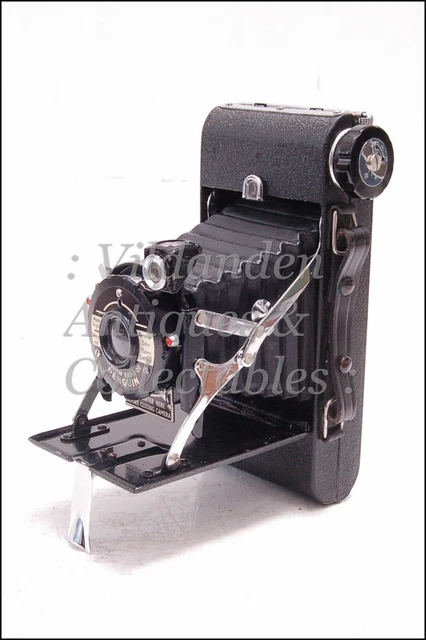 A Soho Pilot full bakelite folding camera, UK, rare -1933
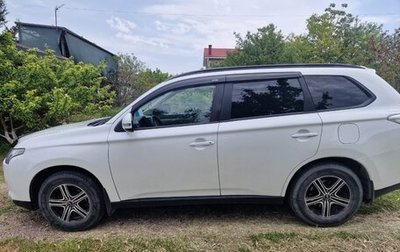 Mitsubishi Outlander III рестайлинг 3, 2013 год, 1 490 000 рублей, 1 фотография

· · ·

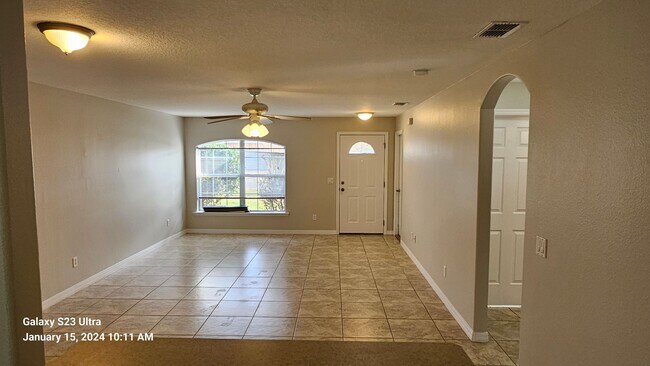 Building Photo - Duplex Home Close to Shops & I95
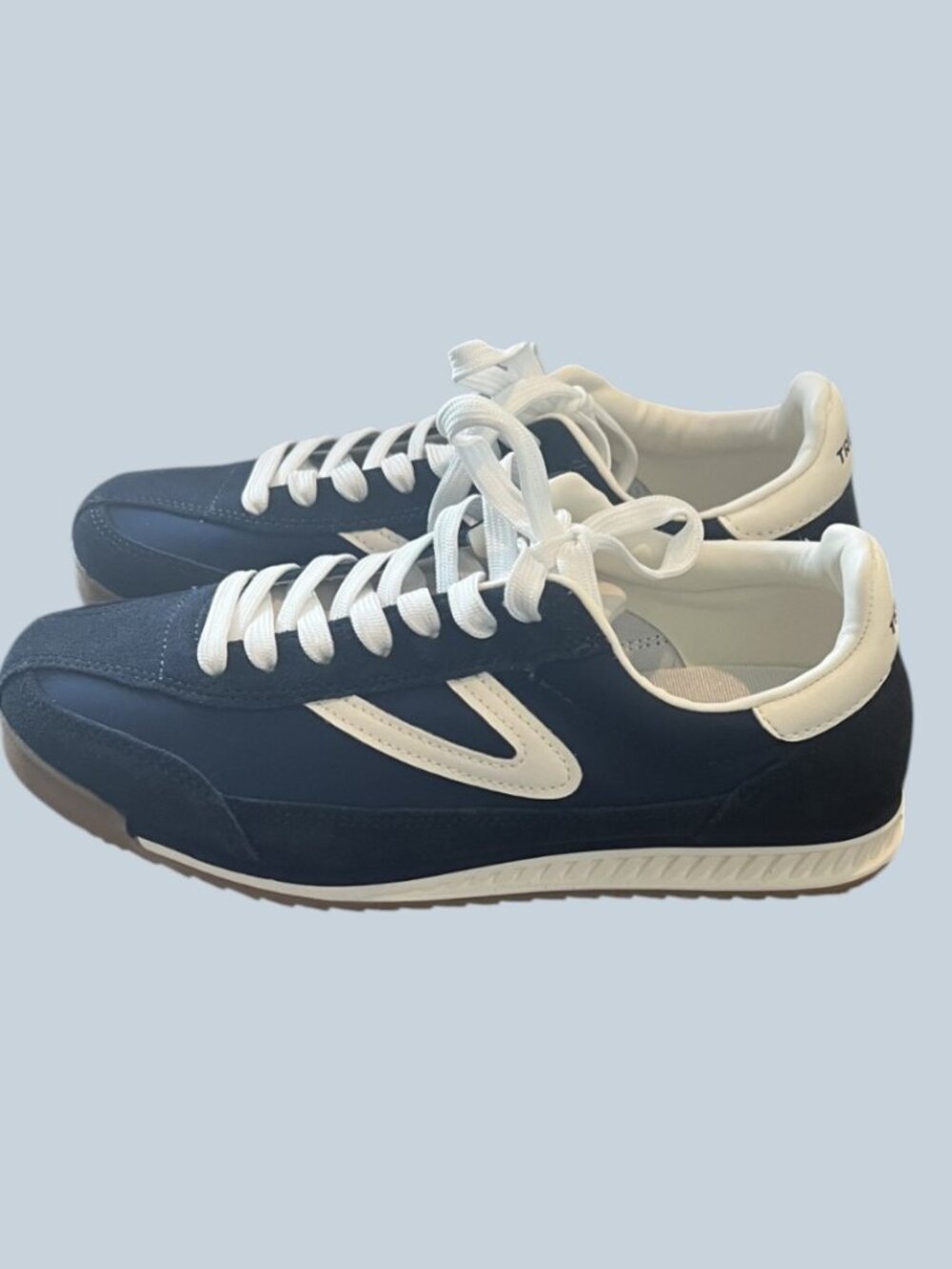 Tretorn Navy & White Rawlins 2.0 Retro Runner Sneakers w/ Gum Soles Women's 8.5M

· · ·

● **Exercise**
Above are the records; copy from them only the lines starting at the one containing "A Soho Pilot" and ending at the one containing "Mitsubishi Outlander III", exactly and without pictures.

● **Solution to this problem**
 A Soho Pilot full bakelite folding camera, UK, rare -1933
 Mitsubishi Outlander III рестайлинг 3, 2013 год, 1 490 000 рублей, 1 фотография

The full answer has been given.